Je kunt reflecteren op allerlei aspecten van je werk. Bijvoorbeeld over:
- Hoe ga je om met familieleden, met een zorg-leefplan of met cliënten die je als agressief ervaart.
- Hoe doen je collega’s dat, welke gespreksvaardigheden gebruiken zij, welke keuzes maken zij?
- Hoe kun je samen met de cliënt met meer lef, creativiteit en inlevingsvermogen keuzes maken.

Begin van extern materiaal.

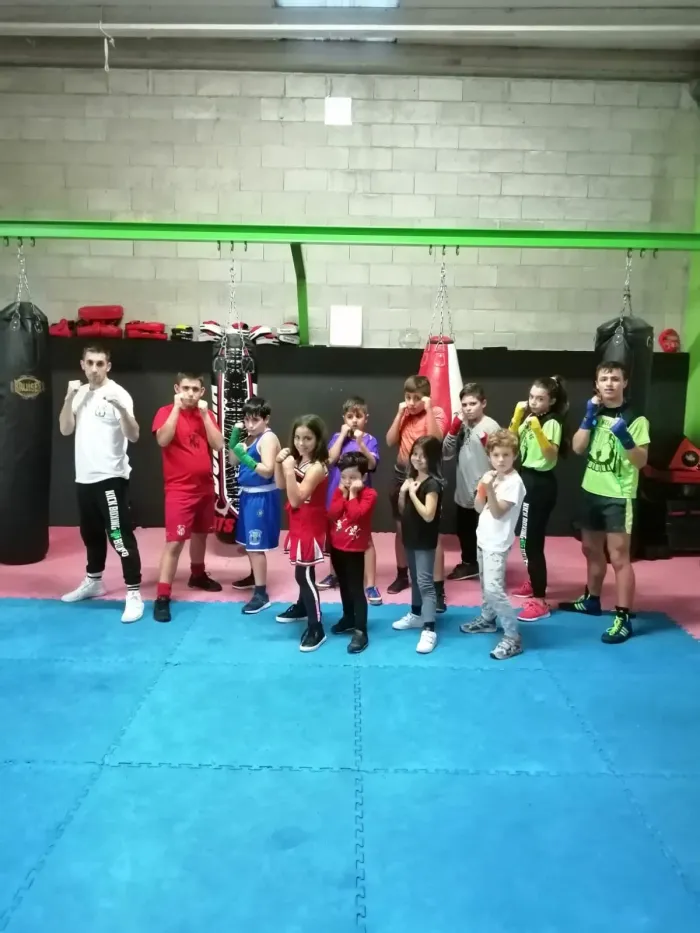 Grupo de niños y niñas del club posando en guardia junto a su entrenador, delante de los sacos del gimnasio
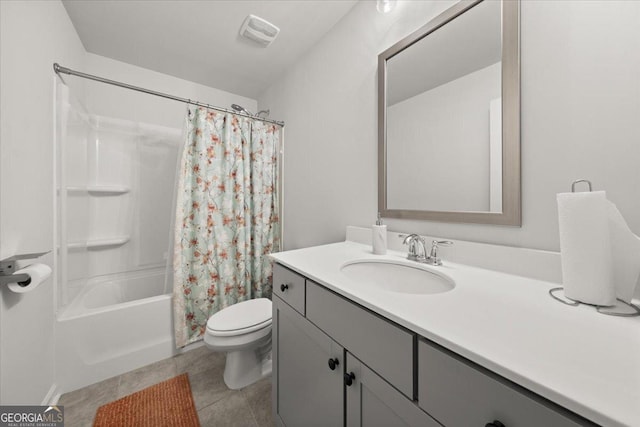 372 Garnet Dr, Acworth, GA 30101 - bathroom featuring toilet, shower / tub combo, vanity, and tile patterned flooring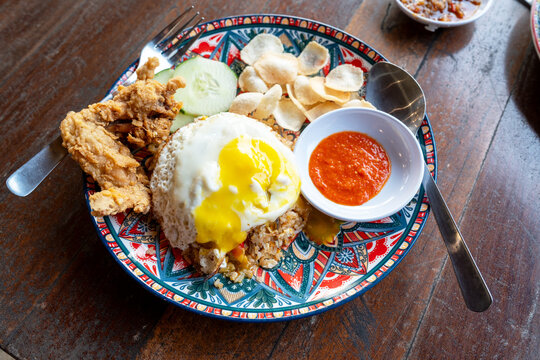 Close up of Nasi Goreng Kampung with egg and fried chicken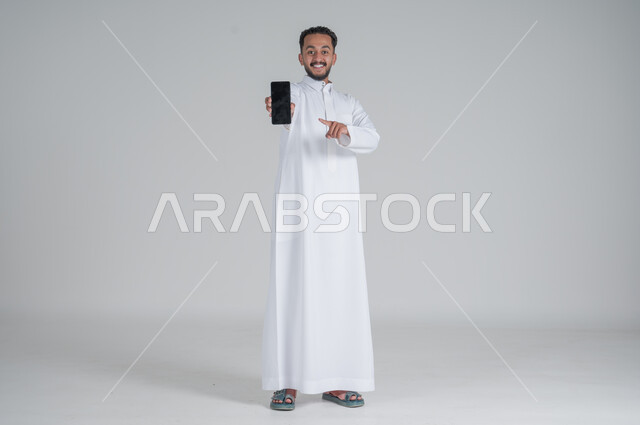 مفهوم التسويق الرقمي الالكتروني، عرض تطبيقات وخدمات الهاتف المحمول، بورتريه لشاب عربي خليجي سعودي مبتسم يرتدي الثوب التقليدي يحمل بيده جوال بشاشة سوداء فارغة ويشير اليه، استخدام التكنولوجيا المتطورة، صورة الجسم بالطول الكامل، خلفية رمادي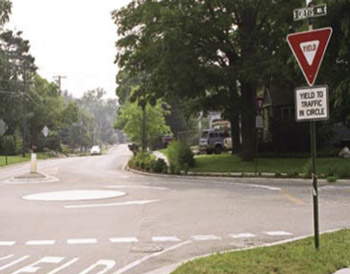 "Photo. A rural mini-roundabout. The roundabout consists has one travel lane and a flush concrete circle in the center."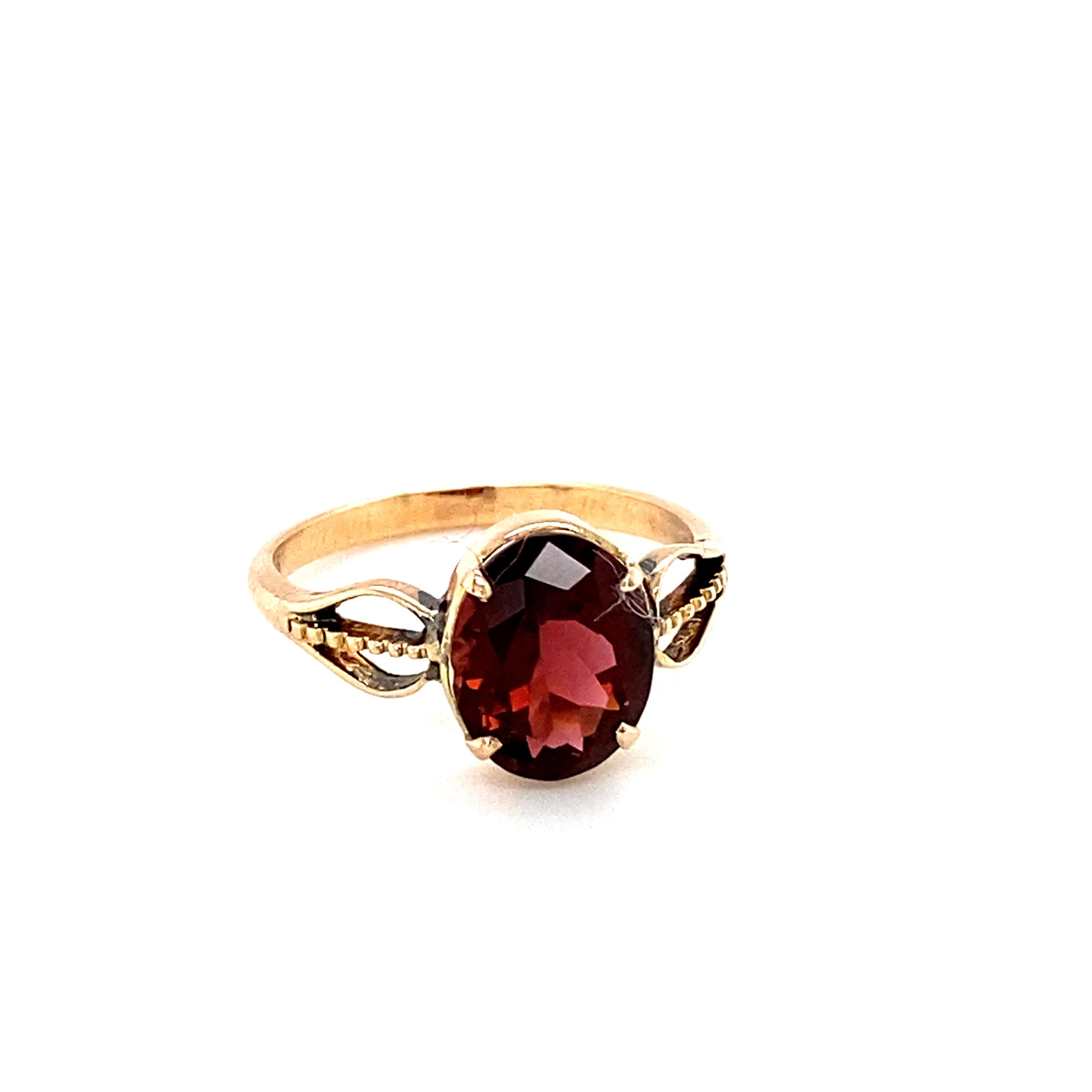 Artisan Oval Cut Garnet Yellow Gold Solitaire Ring For Sale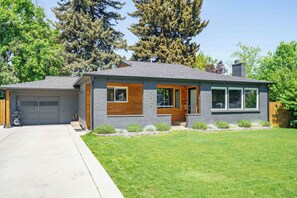 Ein modernes, zweistöckiges Haus mit Garage, Eingangstür und gepflegtem Rasen.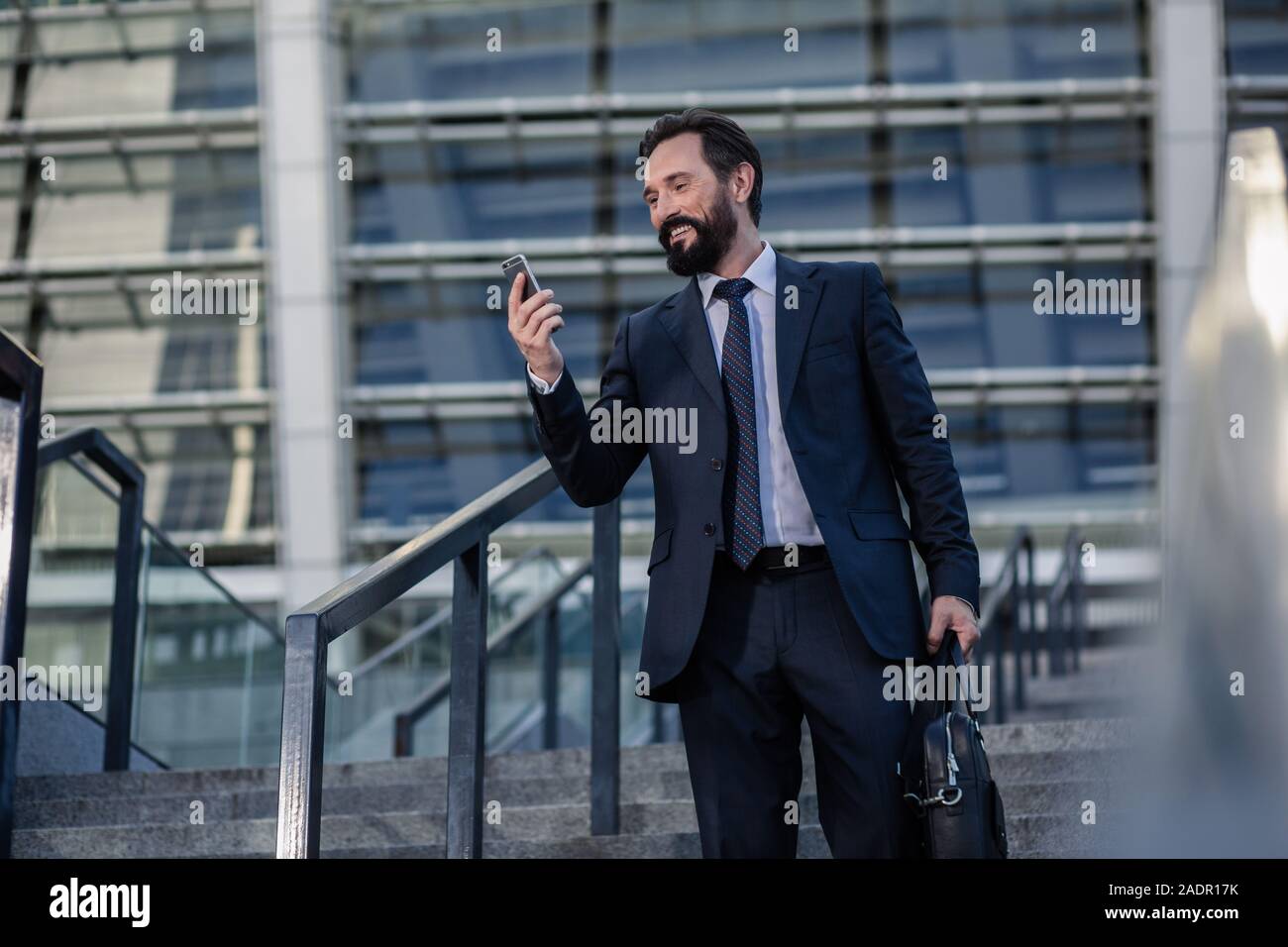 Delighted smiling businessman using his smartphone outdoors Stock Photo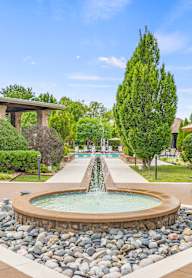 a fountain in the middle of a yard with a house in the background at Avignon Apartment Homes, Olathe, KS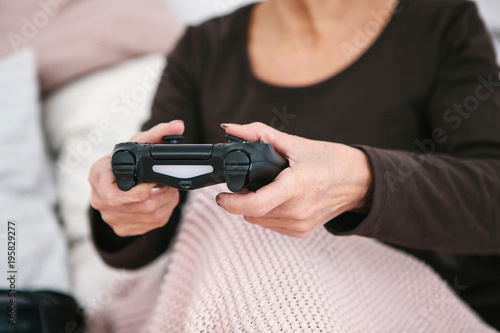 An elderly woman is playing a video game. Elderly person and modern technology.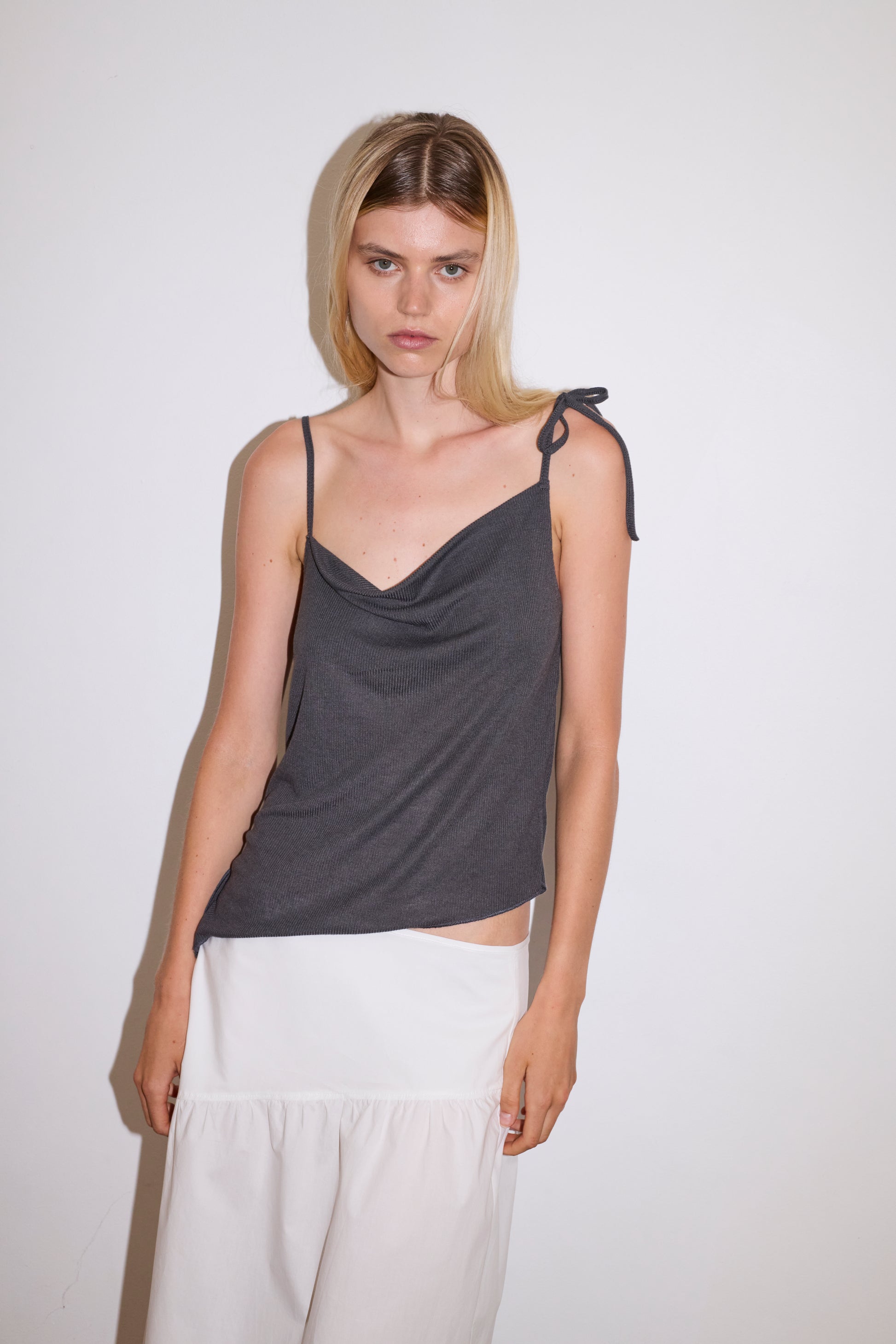 blonde female model wears a sheer fine knit relaxed tank with a fold over cowl neckline and low draping back, features self fabric rouleau straps, baby lock hem finishes and a asymmetric bottom detail, worn with a midi length white skirt 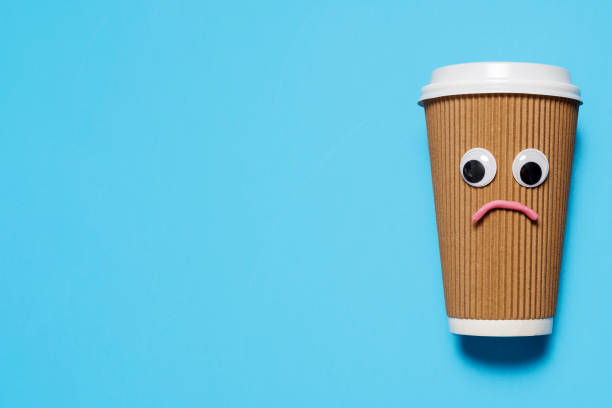 istock Sad disposable coffee cup on the right 1216252492
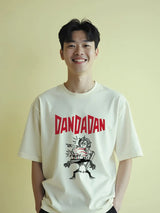 Person wearing a white t-shirt with 'DANDADAN' graphic design on a yellow background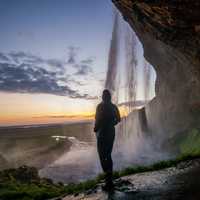Person standing besides the Waterfall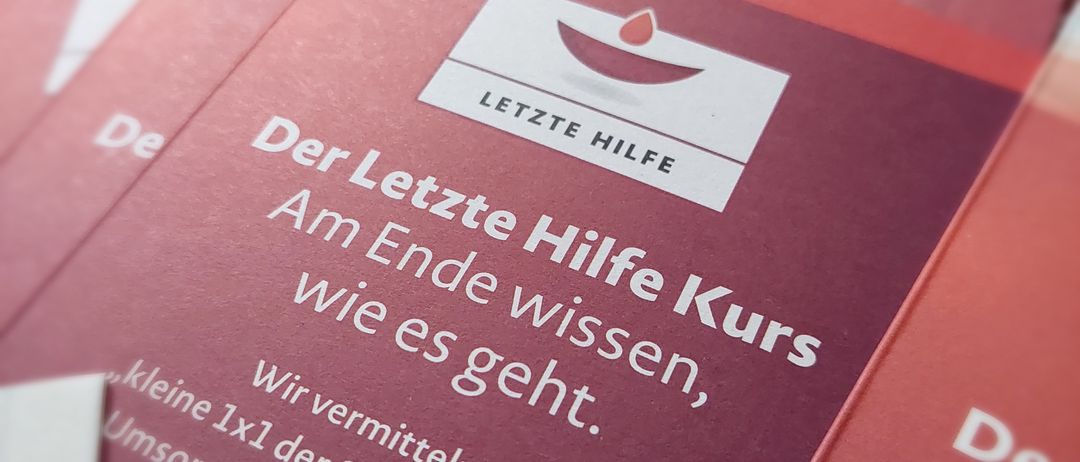 Eine Broschüre mit dem Titel 'Der Letzte Hilfe Kurs' ist prominent ausgestellt. Sie konzentriert sich auf die Bereitstellung von Anleitung für die Sterbebegleitung.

Alleen, in tweetallen of teamverband
Reflecteren kun je doen in tweetallen, in kleine groepjes en in teamverband. Je kunt samen stilstaan bij hoe de zorg bij een cliënt verloopt of bijvoorbeeld over de samenwerking en communicatie in het team. Reflectie kost tijd. Het ‘werkt’ als je er bewust met je collega’s mee bezig kunt zijn. Die tijd moet je maken. Als je leidinggevende het ook een goed idee vindt, moet dat kunnen lukken. Je kunt ook in je eentje reflecteren: dan doe je aan zelfreflectie. Hoe je reflectie stimuleert, lees je op deze pagina.
Leren van elkaar
Er zijn meer manieren, werkvormen om stil te staan bij het werk in de zorg en in het team. Er zijn werkvormen die helpen bij het stoom afblazen, energie opdoen en het leren uit ervaringen en van elkaar. Er zijn ook werkvormen die helpen bij korte evaluaties en het waarderen van een dag of de voortgang in ontwikkeling en dergelijke.
Voorbeelden:
- Drie woorden: Je vraagt de anderen om in maximaal drie woorden aan te geven hoe ze hun dag (of dienst) ervaren hebben.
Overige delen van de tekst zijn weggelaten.